The royal procession passes 5000 schoolchildren in Market Square. The Scout contingent line Market St., ‘hats on poles’ in salute.

Photo © Lonsdale Scouts Archive.

Chief-Constable Harriss presented to His Majesty Near the Castle Station.
The principal personages are His Majesty the King, (in the centre); Mr H P P Lane, Chief-Constable of the County, and Captain Ormerod, Assistant Chief-Constable (on the left); and Chief-Constable Harriss (on the right.) – Lancaster Guardian August 31, 1912

From the Minute book of the South Lonsdale Boy Scouts Association Executive Committee, 23 July, 1912

Mr Garnett reported that he had had a letter sent to each scoutmaster inviting him to bring his troop to Lancaster on the occasion of the visit of the King on Sat. Aug. 24th, also asking that the number of scouts likely to parade should be sent to the Sec. immediately. It was hoped that His Majesty might be pleased to inspect the troops.

Regulations as to the wearing of uniform on Aug. 24th were drawn up. It was decided that the scouts in each troop should be dressed as much alike as possible. The food & railway expenses were to be paid out of the association.

A special meeting of the Executive to consider the Visit of His Majesty the King was held in the Hostel on Tuesday August 13th, 1912. Mr. Briggs in the chair.

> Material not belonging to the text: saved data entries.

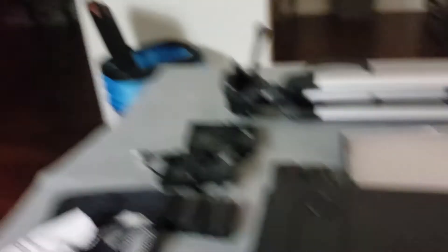ND filter, no ND filter — so ND means neutral density. I really love these by the way, they're so dope.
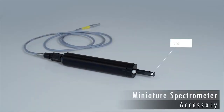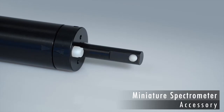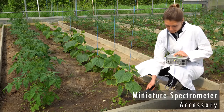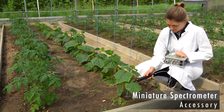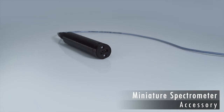The miniature spectrometer measures light spectra. The absence of moving parts makes the spectrometer ideal for outdoor studies. The spectrum includes the visible range which plants use for photosynthesis, and also covers the far-red range, which is important for developmental processes controlled by the phytochrome photoreceptors. The miniature spectrometer precisely examines gradients of intensity and spectral composition of light — both key factors for plant growth.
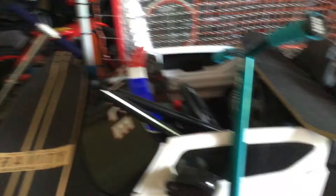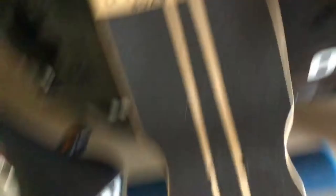So I guess that was my review. I'm gonna do a drop test. That was pretty good — it's what I expected.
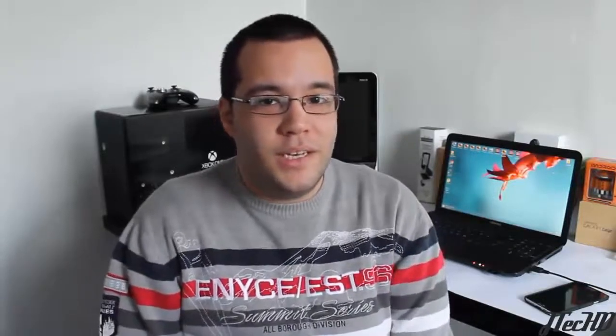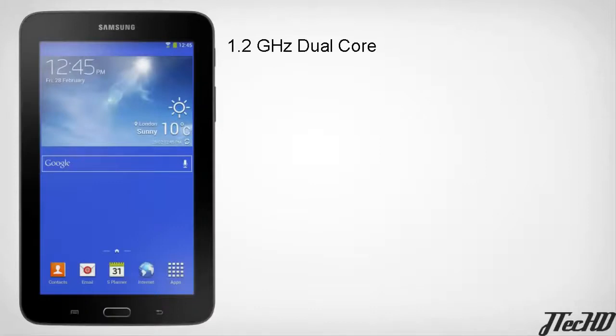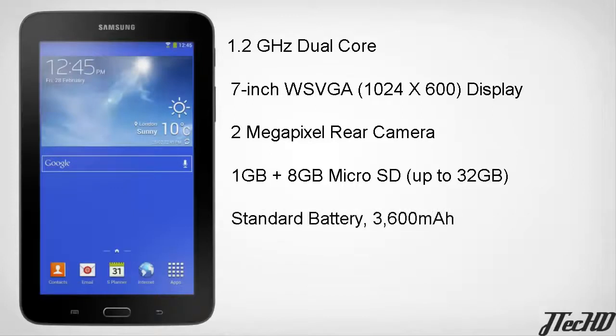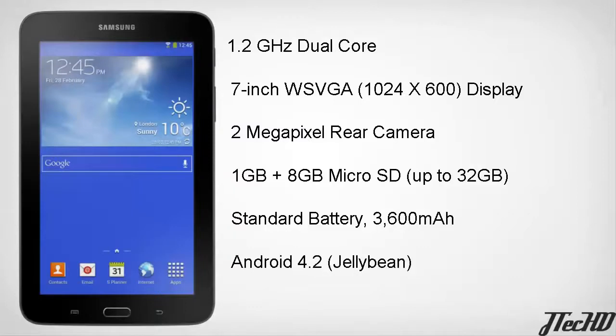Taking a look at the release specs, as the name suggests, the Galaxy Tab 3 Lite is a little light on the spec side. It's going to be powered by a 1.2 gigahertz dual-core processor, a 7-inch 1024 by 600 pixel display, a 2 megapixel rear camera with no front-facing camera, 1 gigabyte of RAM, and 8 gigabytes of internal storage with a microSD card expandable up to 32 gigabytes. It'll have a 3600 mAh battery with up to 8 hours of video playback on a single charge, and sadly Android 4.2 Jelly Bean out of the box — no Android KitKat at launch.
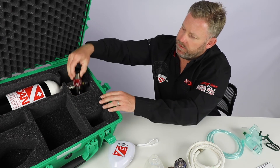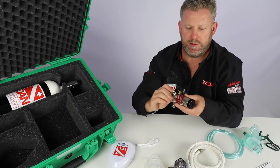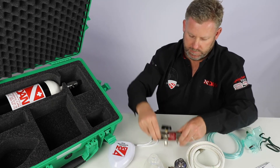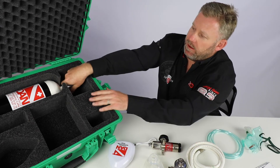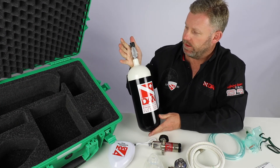Underneath here we have the pin index adapter that comes with the pressure gauge on it, as well as the other adapters for you to attach all the other goodies to. And then we have the 2.5 litre steel oxygen tank or cylinder.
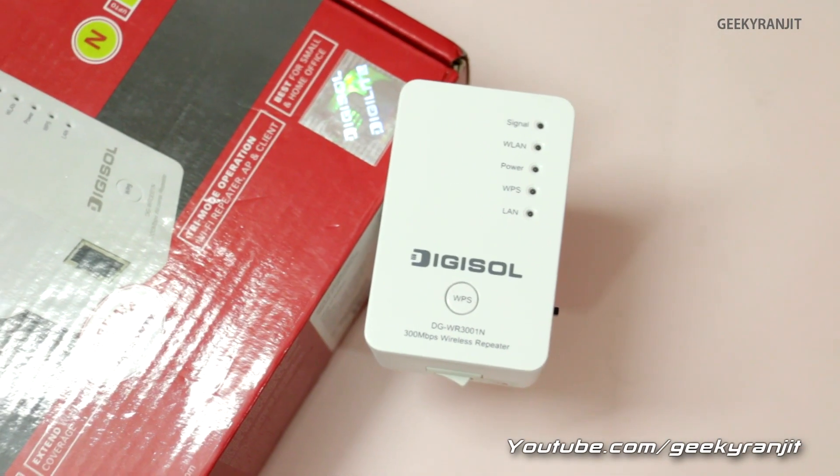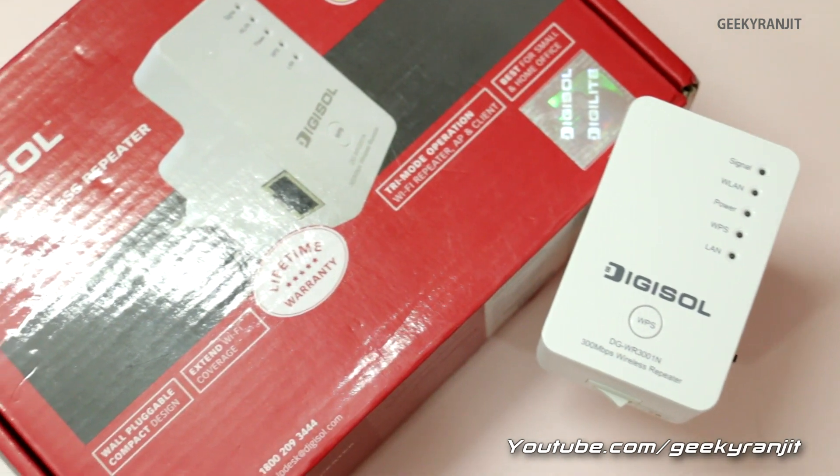Needless to say, it's a great product and will be useful for people who want to extend their Wi-Fi network. I hope you found this video review of the Digisol repeater helpful. If you found it helpful, please click the like button. If you aren't subscribed to my channel, hit the subscribe button. Thank you, this is Ranjit, and I hope to see you in my next video.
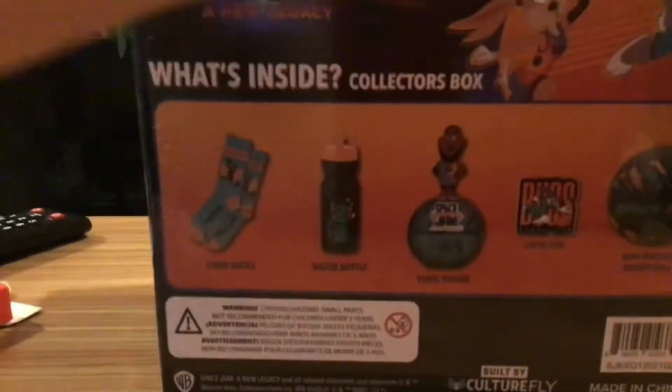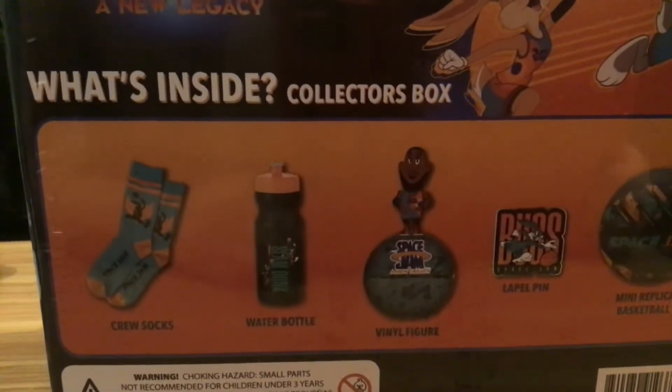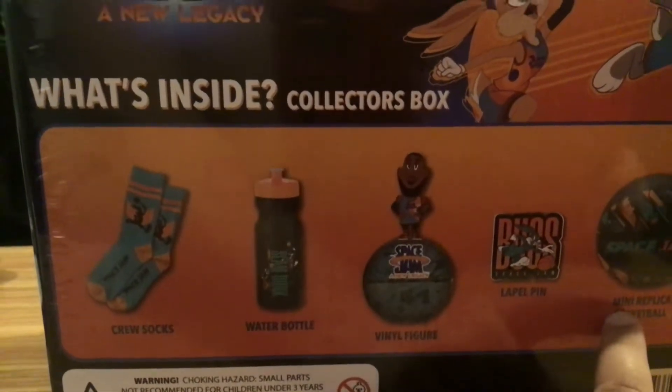Hey guys, today this is the Space Jam: A New Legacy Collector's Box that I got at GameStop. By the way, this does come with socks, a water bottle, a vinyl figure, a lightbulb pin, and a basketball.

Arrangements for the King’s visit were made as follows. All Troops to parade at the Town Hall (George St. side) at 9.am under command of Rev. R G Stanley. Attention of Scoutmasters to be drawn to previous circular regarding uniform to be worn.

With regard to providing meals for visiting Troops, it was felt that it would be better if Scouts partook of breakfast before leaving home as there would be no time to breakfast at Lancaster.

No flags or colors to be carried but a patrol leader may carry his patrol flag on his staff.

Lancaster Observer and Morecambe Chronicle
Friday, August 30, 1912


Last Saturday afforded our scouts an opportunity of showing in a practical way their adherence to the second scout law: ” A scout is loyal to the king.” From both the town and sur­rounding districts scouts mustered strongly to help to line the streets along which his Majesty was to pass, their special position being in Market-street facing the square, in which the school children were massed. The four Lancaster troops mustered 99 strong, under Scoutmasters Wright, Price, Pflieger*, and Marks. The four Morecambe troops. under Scoutmasters Bright, Rev. R. E. Stanley, Rev. F. Kiernan, and Patrol leader Holt, numbered 48; the 1st Carnforth, under Scoutmaster Simpson, 13 ; 1st Halton, under Assistant-Scoutmaster Caton, 9 ; 1st Mell­ing, under Scoutmaster Sedgwick, 11 ; and 1st Hornby, under Scoutmaster Richardson, 13.     The total muster was 193, including ten scoutmasters and three assistant-scoutmasters The King’s arrival was greeted with a ” Royal salute,” the position being kept whilst he listened to the National Anthem. On his Majesty’s departure, “Hats on staves ” was given, and hearty cheering, which was continued until his Majesty had gone out of hearing.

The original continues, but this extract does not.